A quantidade de votos nulos e em branco também marcará a legitimidade do novo governo, que enfrentará uma austeridade num país marcado por rebeliões sociais – como sabe Quiroga, que, como vice-presidente, viveu a Guerra da Água em Cochabamba, em 2000. Morales contestou o processo eleitoral e tentará evitar ser detido por uma acusação de «tráfico de pessoas agravado», por ter mantido uma relação, segundo a acusação, com uma pessoa que era menor de idade no momento em que o relacionamento começou. Esse processo, iniciado sob a presidência «interina» de Áñez, foi reativado pelo governo de Arce para neutralizar Morales em plena guerra interna.

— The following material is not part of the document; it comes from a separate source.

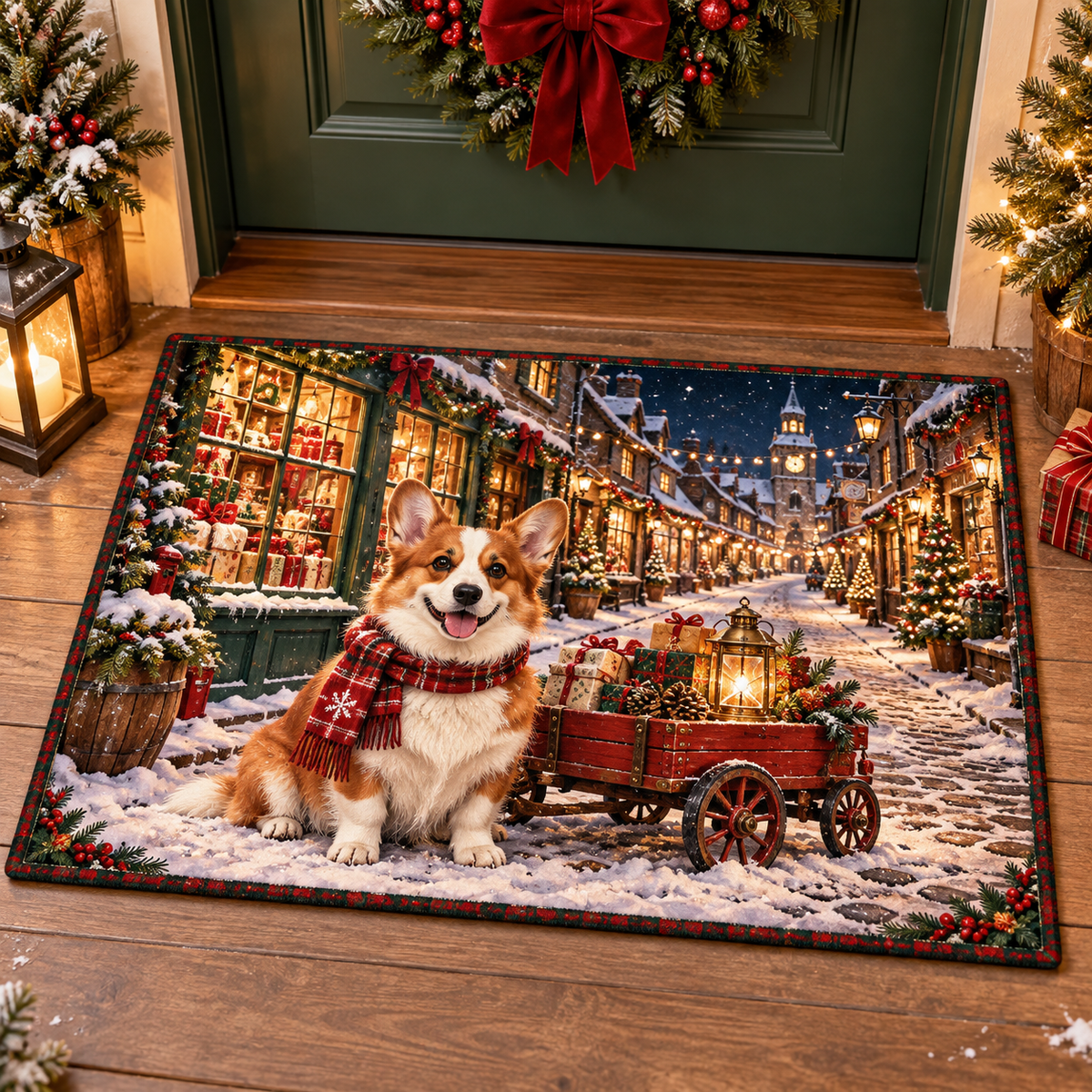 Christmas Corgi Gift Express Doormat flat printed mat in a matching Christmas room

Desta forma, a Bolívia está prestes a voltar a um cenário semelhante ao dos anos 1990, em que sucessivas crises económicas se combinavam com um sistema político fragmentado que exigia acordos parlamentares constantes e que foi perdendo prestígio ao transformar-se num mercado de troca de cargos. A própria vitória de Morales em 2005 foi apresentada como o fim da chamada «democracia pactada» (naquela época não havia segunda volta e cabia ao Congresso eleger o presidente entre os candidatos mais votados). Agora, com um poder legislativo que se presume será dominado pela direita, é possível que essa democracia fragmentada seja reeditada para buscar governabilidade. Mas o mundo já não está nos anos 1990, e a Bolívia também não. Quando o entrevistei em 2005, Doria Medina disse-me que «não se trata de colocar [na Presidência] uma pessoa de poncho ou pollera, a solução é levar adiante mudanças na economia». Ele poderia repetir o mesmo hoje, 20 anos depois. Mas esses setores indígenas e populares têm hoje uma relação diferente com o poder, embora o discurso sobre a regeneração nacional a partir dos povos originários se tenha desgastado.

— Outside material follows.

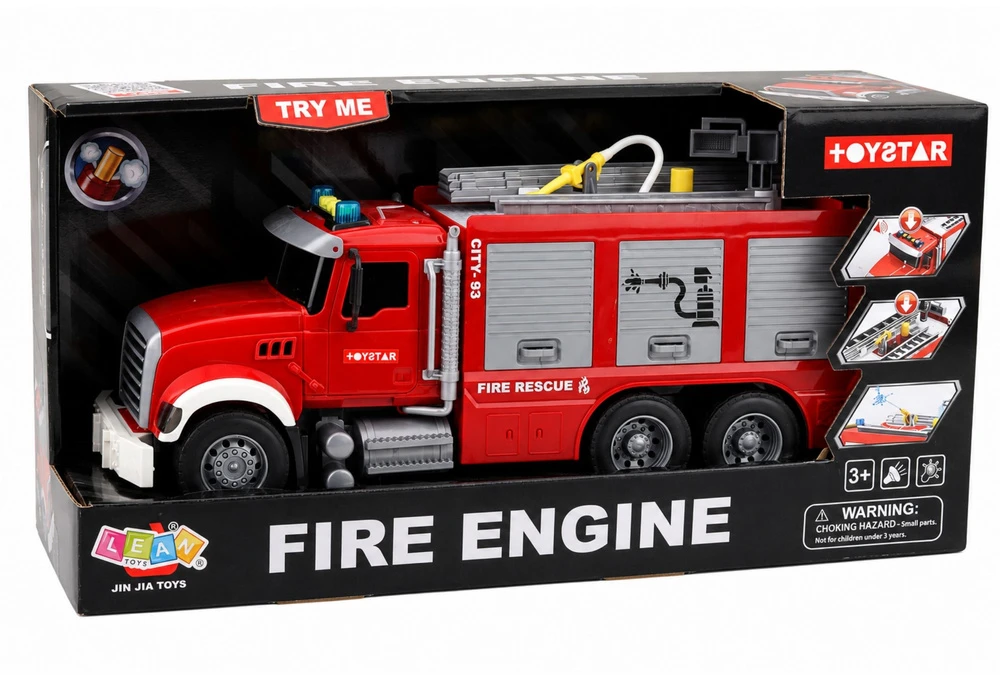 Lean Toys Žaislinis gaisrinis automobilis su ištraukiamomis kopėčiomis ir vandens purškimo funkcija, raudonas ir baltas, 36 x 16 x 11 cm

Surge um ponto de interrogação sobre a estabilidade política do futuro governo. E sobre o futuro do MAS: será que este espaço de base camponesa-popular, que nos últimos anos foi politicamente hegemónico, conseguirá superar o seu estado de decomposição, desânimo e confusão, ou voltará ao cenário dos anos 1990, quando várias fações camponesas e de esquerda gastavam grande parte das suas energias a rivalizar umas com as outras?

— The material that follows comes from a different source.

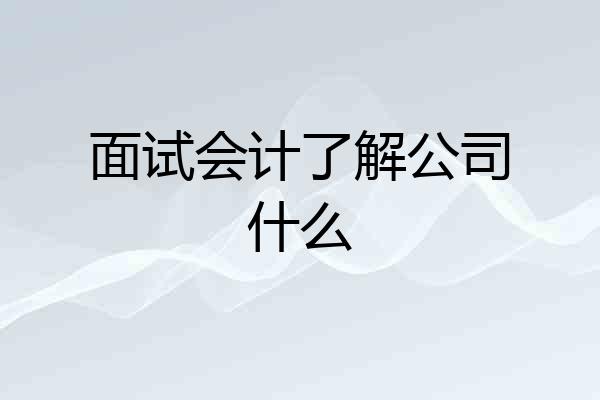 面试会计了解公司什么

Hoje, numa Bolívia que celebrou um bicentenário sem brilho, os candidatos que até ontem eram «o passado» dizem que, se ganharem a 17 de agosto, quem será «o passado» será o MAS, e que a sua crise é «terminal». Que será o fim de um longo ciclo político.


Pablo Stefanoni é jornalista, economista e doutor em História. Artigo publicado em Nueva Sociedad.